Now you must ensure that /home/emsuser/.ssh/myscripthere is actually a script in the expected location.
/home/emsuser/.ssh/myscripthere must have permission mode number 755.
/home/emsuser/.ssh/myscripthere should have ownership of user emsuser, and a group of whatever emsuser's primary group is. Of course you can change the script path and name to another program location but it must be at least executable by emsuser.
If you do not have confidence your script will work and be executable while logged in as emsuser over SSH either test and verify that it is good, or do a test like this instead:
command="/bin/date"
could be substituted in your authorized_keys file as a test, then when you successfully authenticate with that key pair it will just show you the date and disconnect if everything works well. Of course verify that /bin/date is the right location for your date command on your server, maybe it is /usr/bin/date or something else, run "which date" from the command prompt as emsuser to verify the full pathname.

Of course everything else about authorized_keys -- the two lines, the command prepending, the space, the rest of the public key file, the REQUIRED file location / ownership / permissions of authorized_keys remains the same as before.

Now from the server, login as emsuser to a shell,
ssh -2 -vvv -i id_dsa99 -l emsuser 127.0.0.1
..and you should NOT get a password prompt, but your selected "command" should run and produce whatever output it can produce (e.g. the current date if you've used that as a test command), and then disconnect the ssh session when it has finished running. Of course as before you must have the id_dsa99 private key file accessable in the current/specified location while you run this test

If that works then you know your server is running the desired command over SSH, so now all you should have to do is ensure it can be done when ssh clients are run from your selected remote hosts. The same ssh command line is used just with some other host name or host address (that of the server) instead of 127.0.0.1 as the ssh destination on the ssh command line.

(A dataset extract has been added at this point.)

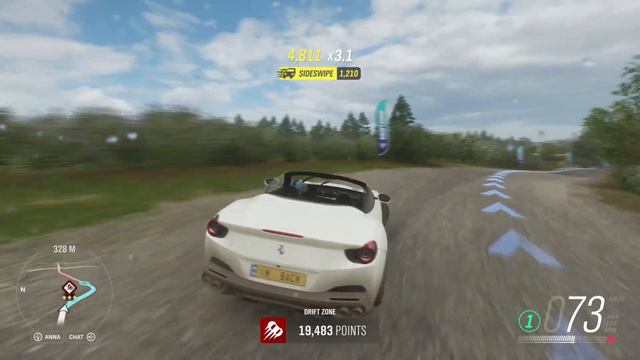 Forza Horizon 4 - Weekly Challenge Spring Forzathon with 2017 Aston Martin DB11 Preorder Car смотреть онлайн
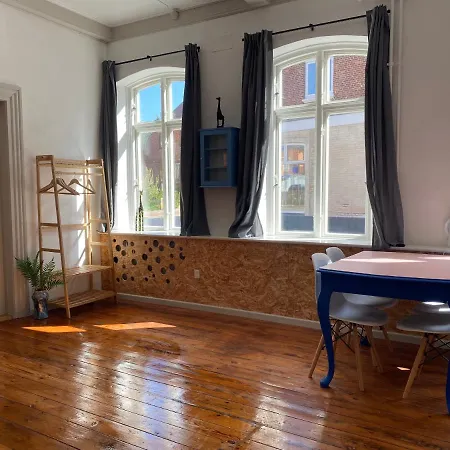 Gallery Studio In The Heart Of Hojer Exterior photo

Of course you'll need a correctly specified local copy of the id_dsa99 private key file which must be readable by the user running ssh on the remote system when you run the ssh command.

 

Sunner

Elite Member
Oct 9, 1999
11,641
0
76
Originally posted by: QuixoticOne
You should ONLY have to make sure the DEFAULT SSH client package is installed on the client machines, and that any available official SUN updates/patches are applied to the system as a whole.

This is the only thing I would do to begin with.
Trying to fiddle with things, trying to fix them or whatever, when you have a potentially broken environment, is just a waste of time in my mind.